Brin fixed him with a harsh stare. "Because I do." His fingers flicked and suddenly a knife stood between them. "Reason enough?" Ovel swallowed and nodded. A grin spread across Brin's face and he sat up straight. "We'll keep looking for Tycho and Li Chien tomorrow morning- and deal with the Wench's Ease, too. More important, I'm going to need messages waiting at three places uptown first thing in the morning."

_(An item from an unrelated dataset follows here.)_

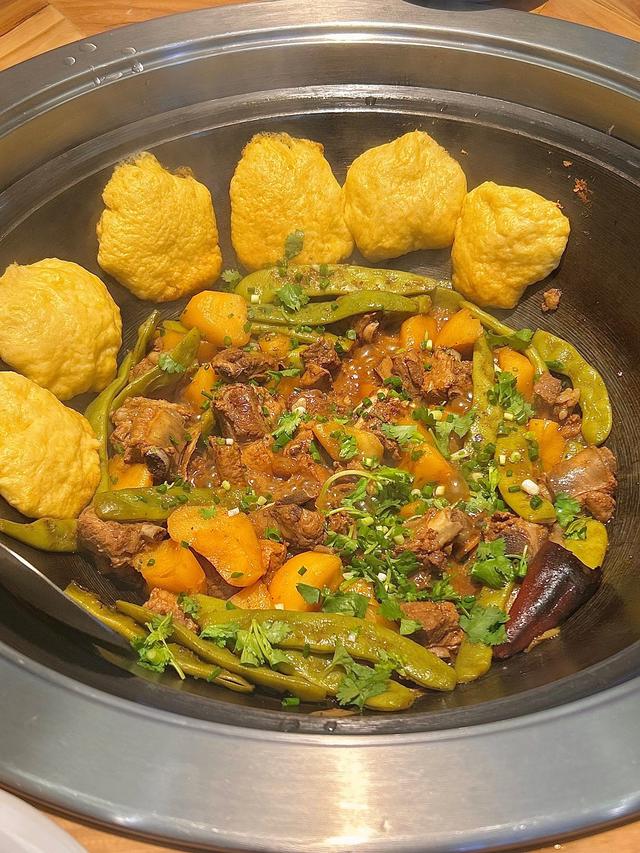 新黑马诞生！一放寒假就上东北，南方人为啥都扎堆去吉林过冬？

"Where and who for?" asked Lander.

Brin held up a pinky finger. "Hanibaz Nassor at his home in Burned Street." Ring finger. "Mosi Anu at the Sil-verbell Inn." Middle finger. "Thaedra Korideion at Nelka Marsk's home near the citadel."

Lander said nothing. Brin raised an eyebrow as if daring him to comment, and after a moment Lander could hold back no more. "Two Red Wizards and a Chessentan mage," he said softly. "The same customers you were going to sell the beljurils to."

"Exactly." Bor came brushing through the curtains and handed Brin a mug of ale that was only slightly smaller than his head. The halfling raised it to Lander. "I'm going to offer them the chance to bid on something even better than beljurils. Something completely unique, very kindly brought west by Kuang Li Chien. An artifact of Shou Lung that contains the power of the sun itself-" Brin gave a calculating grin so cold it made Lander shiver. "-the Yellow Silk of Kuang!"